I can’t recommend using this method, mostly because it’s only usable when the barb already sticks out of your skin. In that case, you just cut it and, generally, do everything as you would with the Advance and Cut method, but without advancing.

It’s the least painful method, but you have to be “lucky” to be able to use it.

  • Method 4. Incise and Remove

Now, this is a mini-surgical operation. I cannot recommend it at all. Instead, seek medical attention urgently if you can find it within a reasonable timeframe. If not, here’s what you need to do.

Sterilize a knife or any other sharp tool and make an incision on the skin above the barb with it. Then pull the hook out.

It sounds simple, but it’s anything but. Don’t use this method if you have any other option. It has to be the last resort. If you can bear the pain, cut the eye of the hook instead to allow yourself the freedom of movement and try to get help. Remember, self-operations are generally bad. Operating on someone else without experience and knowledge can have disastrous consequences, even it something as small as this. Only use method 4 if you’re really desperate.
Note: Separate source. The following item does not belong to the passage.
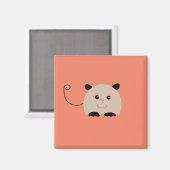 Cute Mouse Magnet geïllustreerd Magneet (Voorkant / Achterkant)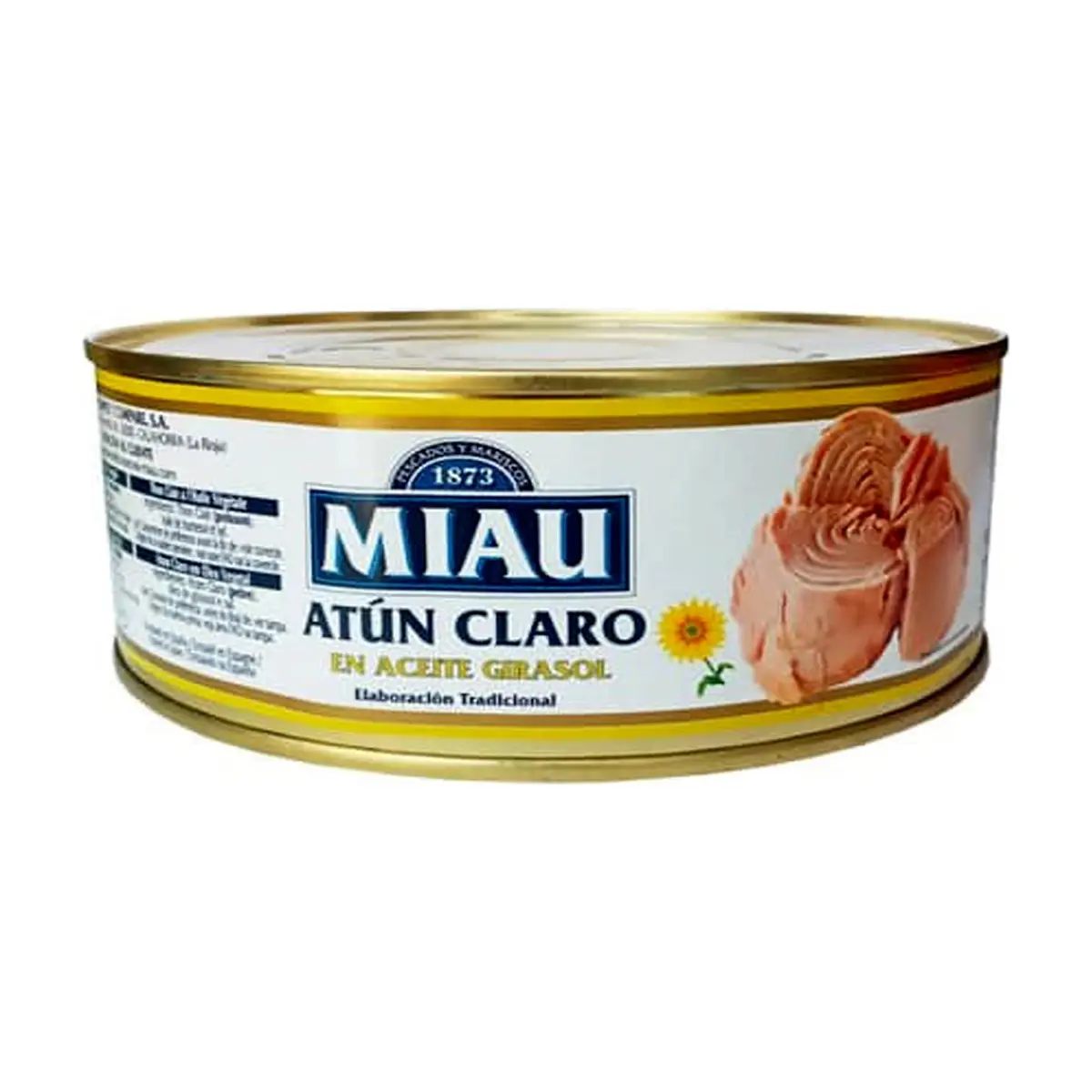 Atún claro en aceite de girasol Miau (900 g / 1.98 lb) - Thumbnail 3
What should not be forgotten when removing the hook from the finger

Always remember to sterilize any tool you’re using to extract a foreign body. Needles, knives, pliers, they all must be disinfected.

Use any liquids containing alcohol as an antiseptic. Cologne, brandy, even wet wipes that contain alcohol will do. If, however, there’s really no antiseptics on hand, heat all the tools with a lighter or in a fire.

After you have got the hook put, you should disinfect the wound with an antiseptic. If none is available, use any herbs that can help. Nettle juice, for instance, can do the job. 

Even if you didn’t manage to sterilize the would put a bandage on it to prevent dirt from getting into the wound

Naturally, if you have a first-aid kit on hand, it’s going to be much simpler. So yes, I advise that you get a first aid kit and always take it with you when going fishing.